This version of Robinson Crusoe is a rare early edition complete with illustrations.
Robinson Crusoe is a novel by Daniel Defoe that was first published in 1719. Epistolary, confessional, and didactic in form, the book is a fictional autobiography of the title character (whose real name is Robinson Kreutznaer)—a castaway who spends 28 years on a remote tropical island near Trinidad, encountering cannibals, captives, and mutineers before being rescued.
The story was perhaps influenced by Alexander Selkirk, a Scottish castaway who lived for four years on the Pacific island called "Más a Tierra" (in 1966 its name was changed to Robinson Crusoe Island), Chile. The details of Crusoe's island were probably based on the Caribbean island of Tobago, since that island lies a short distance north of the Venezuelan coast near the mouth of the Orinoco river, in sight of Trinidad. It is possible that Defoe was inspired by the Latin or English translations of Ibn Tufail's Hayy ibn Yaqdhan, an earlier novel also set on a desert island. Another source for Defoe's novel may have been Robert Knox's account of his abduction by the King of Ceylon in 1659 in "An Historical Account of the Island Ceylon," Glasgow: James MacLehose and Sons (Publishers to the University), 1911.
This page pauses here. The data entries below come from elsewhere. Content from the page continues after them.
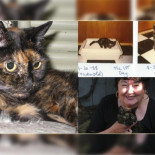 El gato más viejo del planeta cumple 27 años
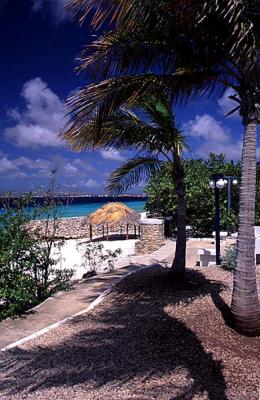 The Beach and Barbeque Area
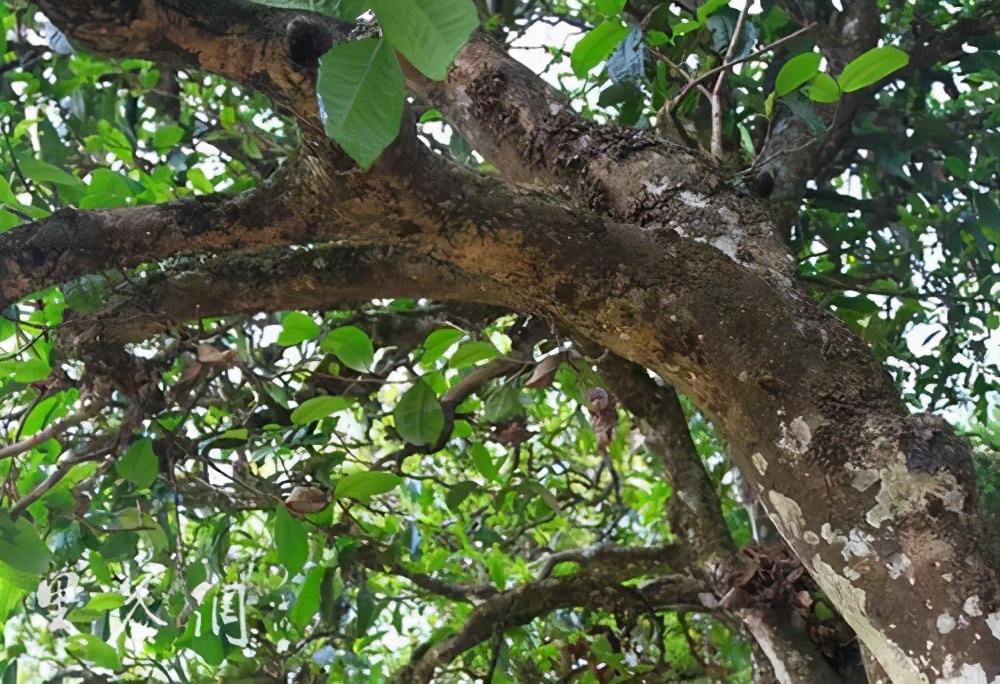 2022年繞開(kāi)麻黑，你損失的將是半個(gè)易武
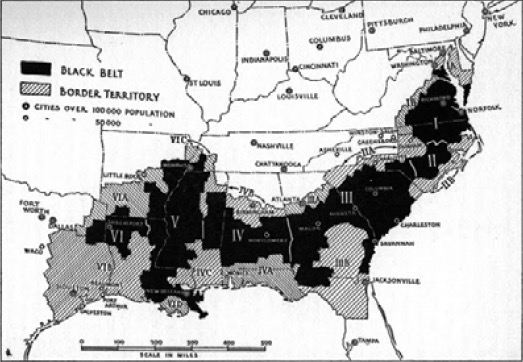 El Black Belt8, zona propuesta para la república afroamericana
Although commonly referred to as simply Robinson Crusoe, the book’s complete, original title as it appears on the title page of the first edition is The Life and Strange Surprizing Adventures of Robinson Crusoe, of York, Mariner: Who lived Eight and Twenty Years, all alone in an un‐inhabited Island on the Coast of America, near the Mouth of the Great River of Oroonoque; Having been cast on Shore by Shipwreck, wherein all the Men perished but himself. With An Account how he was at last as strangely deliver'd by Pirates.